The problem: Retype only the lines at the head of the records, first through the one with "Light blue tulle", exactly as written.

Data for this exercise:
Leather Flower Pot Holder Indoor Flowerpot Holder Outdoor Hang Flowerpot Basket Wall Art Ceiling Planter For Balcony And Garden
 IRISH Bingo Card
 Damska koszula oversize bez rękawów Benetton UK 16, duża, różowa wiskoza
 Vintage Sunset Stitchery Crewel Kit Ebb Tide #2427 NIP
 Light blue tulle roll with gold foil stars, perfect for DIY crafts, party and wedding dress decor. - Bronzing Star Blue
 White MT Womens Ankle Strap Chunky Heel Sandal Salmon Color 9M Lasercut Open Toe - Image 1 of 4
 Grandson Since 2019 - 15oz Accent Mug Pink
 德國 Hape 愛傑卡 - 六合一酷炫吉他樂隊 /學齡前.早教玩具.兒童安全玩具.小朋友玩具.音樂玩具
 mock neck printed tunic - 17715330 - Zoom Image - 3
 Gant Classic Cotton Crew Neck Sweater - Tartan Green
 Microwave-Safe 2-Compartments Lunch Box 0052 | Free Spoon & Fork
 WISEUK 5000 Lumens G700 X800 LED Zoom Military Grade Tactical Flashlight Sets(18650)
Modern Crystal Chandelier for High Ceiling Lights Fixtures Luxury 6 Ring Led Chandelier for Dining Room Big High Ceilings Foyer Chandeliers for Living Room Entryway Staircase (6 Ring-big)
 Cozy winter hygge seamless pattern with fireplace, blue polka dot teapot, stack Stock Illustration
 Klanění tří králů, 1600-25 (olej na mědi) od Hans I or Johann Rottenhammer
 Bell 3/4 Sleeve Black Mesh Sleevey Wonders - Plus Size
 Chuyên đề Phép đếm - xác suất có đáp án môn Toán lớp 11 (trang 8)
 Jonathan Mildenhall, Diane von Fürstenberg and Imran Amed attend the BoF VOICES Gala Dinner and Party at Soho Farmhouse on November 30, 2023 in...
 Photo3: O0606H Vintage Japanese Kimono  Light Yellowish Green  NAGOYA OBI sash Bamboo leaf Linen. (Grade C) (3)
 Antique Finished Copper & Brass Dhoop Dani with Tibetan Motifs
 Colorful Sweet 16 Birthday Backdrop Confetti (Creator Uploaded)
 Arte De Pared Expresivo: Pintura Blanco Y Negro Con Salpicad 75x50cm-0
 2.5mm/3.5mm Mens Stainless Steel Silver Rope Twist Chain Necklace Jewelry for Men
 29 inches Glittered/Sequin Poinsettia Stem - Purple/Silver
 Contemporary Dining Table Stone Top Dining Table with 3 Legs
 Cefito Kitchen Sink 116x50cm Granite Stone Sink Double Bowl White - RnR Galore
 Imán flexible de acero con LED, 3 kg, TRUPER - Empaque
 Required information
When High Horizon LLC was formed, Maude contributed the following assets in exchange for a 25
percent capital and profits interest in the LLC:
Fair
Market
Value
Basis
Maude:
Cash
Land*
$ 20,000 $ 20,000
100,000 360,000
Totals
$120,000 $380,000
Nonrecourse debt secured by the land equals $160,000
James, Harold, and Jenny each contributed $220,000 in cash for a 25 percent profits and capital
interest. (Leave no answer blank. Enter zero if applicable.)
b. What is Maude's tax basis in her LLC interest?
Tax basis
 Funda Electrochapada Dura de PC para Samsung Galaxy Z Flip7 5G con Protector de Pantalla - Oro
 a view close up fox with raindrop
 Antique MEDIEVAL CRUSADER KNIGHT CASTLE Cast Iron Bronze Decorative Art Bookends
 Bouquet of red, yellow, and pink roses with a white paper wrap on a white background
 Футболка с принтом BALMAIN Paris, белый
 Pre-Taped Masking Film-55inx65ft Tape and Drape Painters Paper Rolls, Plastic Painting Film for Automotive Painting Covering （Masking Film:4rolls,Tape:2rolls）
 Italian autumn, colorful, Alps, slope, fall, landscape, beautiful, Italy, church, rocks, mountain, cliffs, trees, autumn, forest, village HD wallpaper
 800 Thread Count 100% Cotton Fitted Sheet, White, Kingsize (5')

Written answer:
Leather Flower Pot Holder Indoor Flowerpot Holder Outdoor Hang Flowerpot Basket Wall Art Ceiling Planter For Balcony And Garden
 IRISH Bingo Card
 Damska koszula oversize bez rękawów Benetton UK 16, duża, różowa wiskoza
 Vintage Sunset Stitchery Crewel Kit Ebb Tide #2427 NIP
 Light blue tulle roll with gold foil stars, perfect for DIY crafts, party and wedding dress decor. - Bronzing Star Blue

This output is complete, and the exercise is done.